Numerical Simulation of Selective Laser Melting manufacturing process

Additive manufacturing (AM) of metal parts has seen a significant increase in use for a number of industries within the last decade. Metal AM production is mainly carried out by powder-bed technologies such as selective laser melting (SLM). One of the biggest obstacles to AM being used for more applications is ensuring part quality is consistent. The thermal history during the SLM process is essential in determining the microstructure and thus a parts surface quality and mechanical properties.
In this work the numerical simulation of SLM to predict temperature distribution and melt pool dimensions is presented. A transient model predicting the thermal behaviour of SLM Ti6Al4V powder has been developed using finite element analysis.
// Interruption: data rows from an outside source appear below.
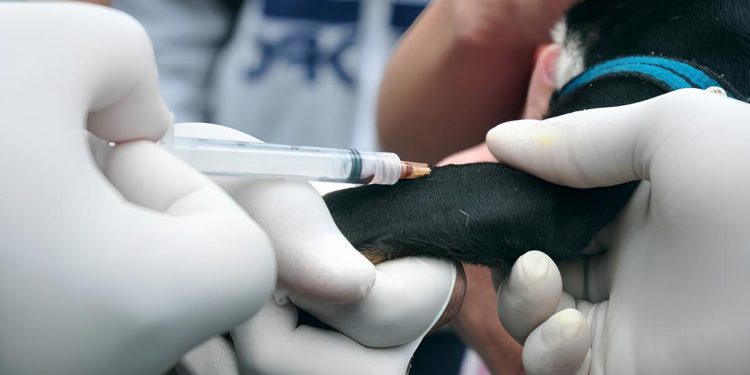 Primeiro caso de leishmaniose visceral canina é confirmado em Porto Velho pelo CRMV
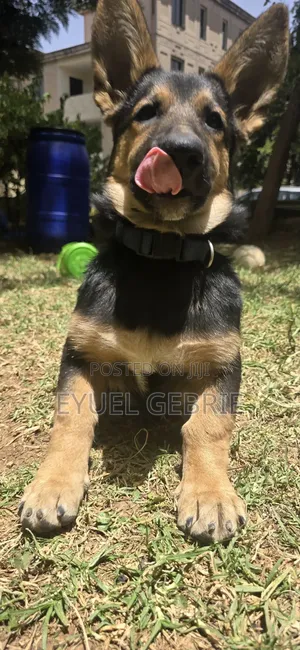 6-12 months Male Purebred German Shepherd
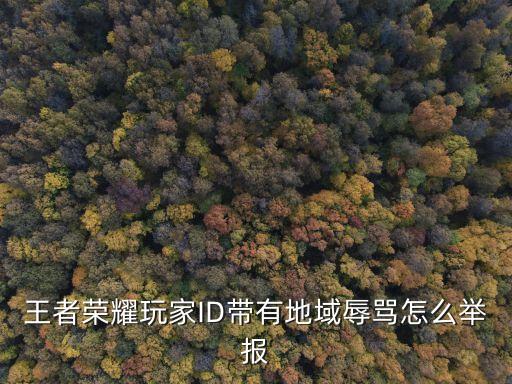 王者荣耀玩家ID带有地域辱骂怎么举报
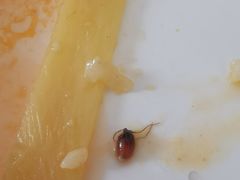 -粤仔湾砂锅粥(阳光店)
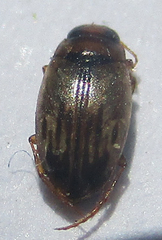 Dytiscoidea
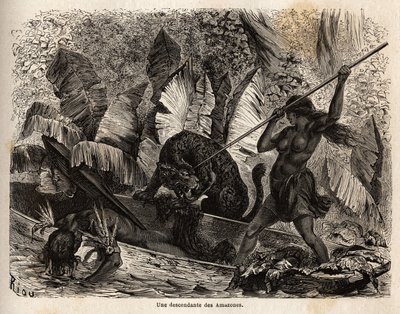Az indiai ticuna (Peru) lándzsával megtámadja azt a tigrist, aki éppen beugrott a kenujába, és megsebesítette társát, a Nhamondas folyó ticunái jó hírűek harcos feleségeikről, ezért az első utazók és tudósok, akik megfigyelték őket, amazonoknak nevezték ők alkotó: Unknown artist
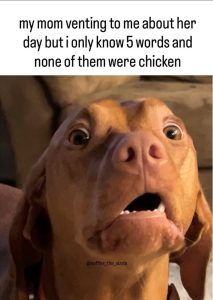 Stupid Bar Memes a87X5wYssb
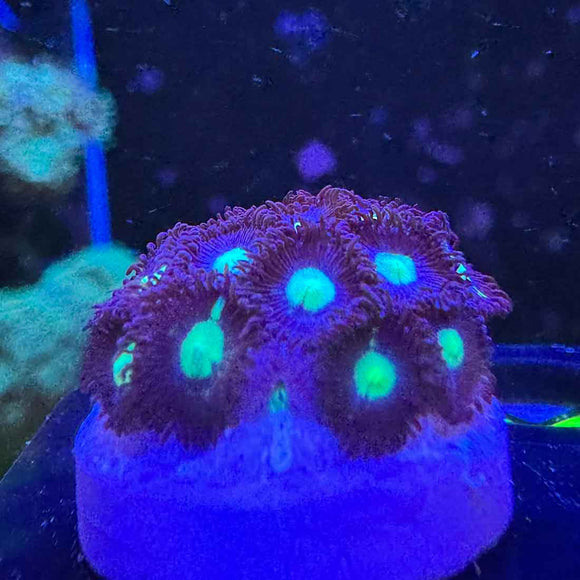 Mean Green Zoanthids Coral (ZN20 WYSIWYG)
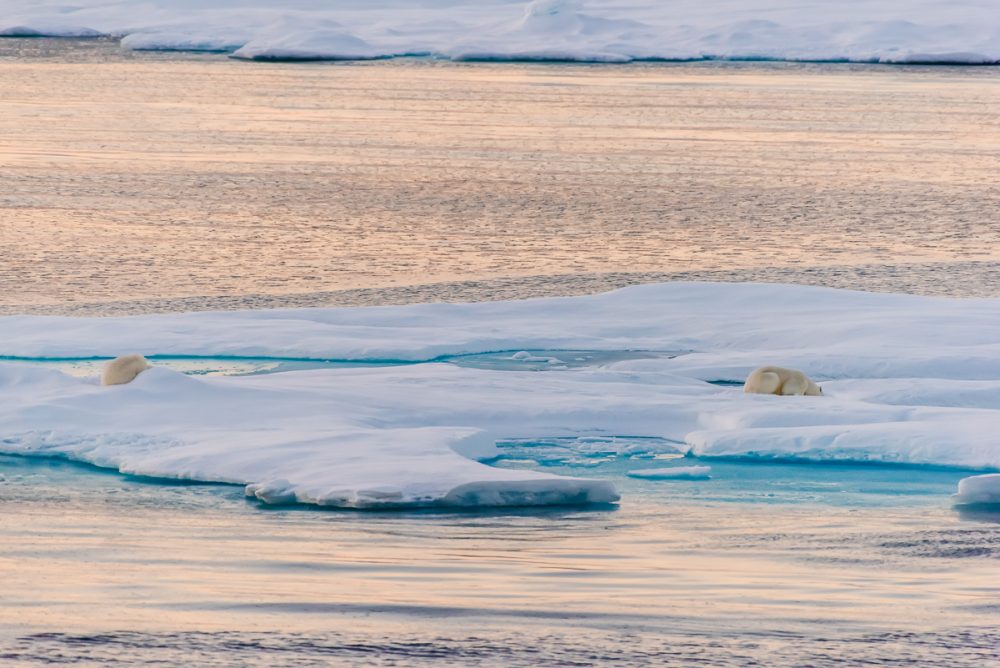 Arctic Animal Sightings Onboard Ocean Endeavor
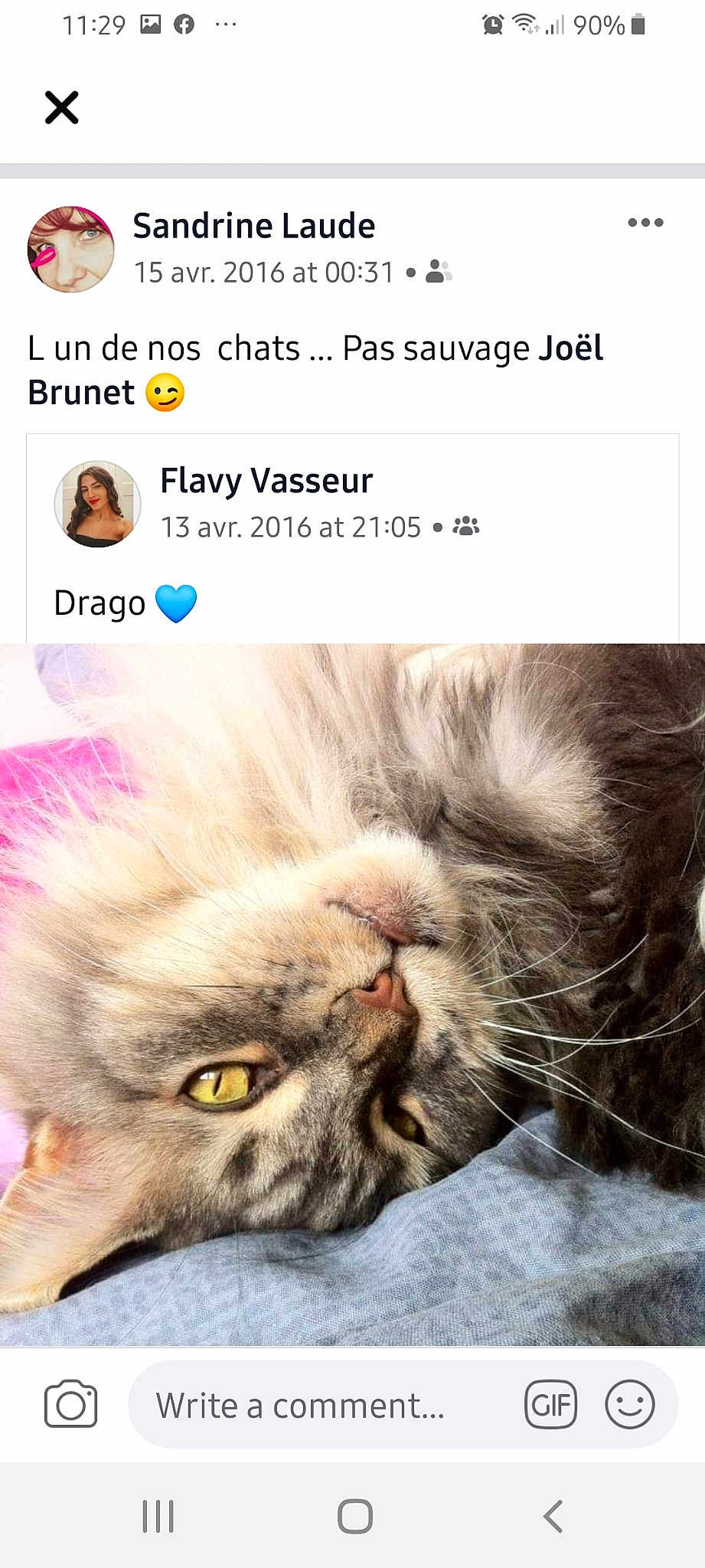 Drago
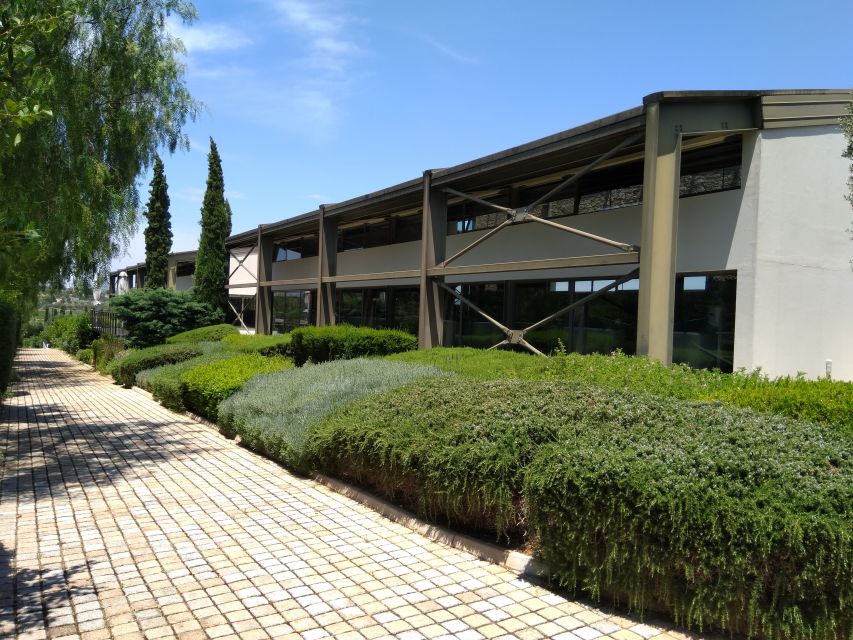 Athens Winery Tour - Three Greek wines, served with local bites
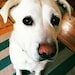 Izzy (aka Puppy)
The model takes into account the physical phenomena (thermal conduction, radiation, convection) in SLM, temperature dependent thermal physical material properties (thermal conductivity, specific heat, density) and phase changes (solid, liquid, powder).
The 3D model was created using finite element software Abaqus. User subroutine DFLUX models the moving heat source using a Gaussian laser beam distribution and material behaviour has been modelled using the UMATHT subroutine, taking into account latent heat due to phase changes. A single powder bed layer on top of a solid base material has been simulated using multiple scan paths.
The effects of laser beam parameters on temperature distribution and melt pool dimensions have been investigated. A strong influence on thermal evolution through changing laser parameters was observed.
Laser power and beam radius were the most significant, increasing both values provided an increase in temperature distribution and melt pool dimensions.
The model was compared with numerical and experimental results available from literature and showed good agreement. The model can be used to help identify areas of weakness such as insufficient heating that occur with changing processing parameters. Additionally the thermal behavior predicted in this model can be used in the future to predict residual stresses and microstructure evolution.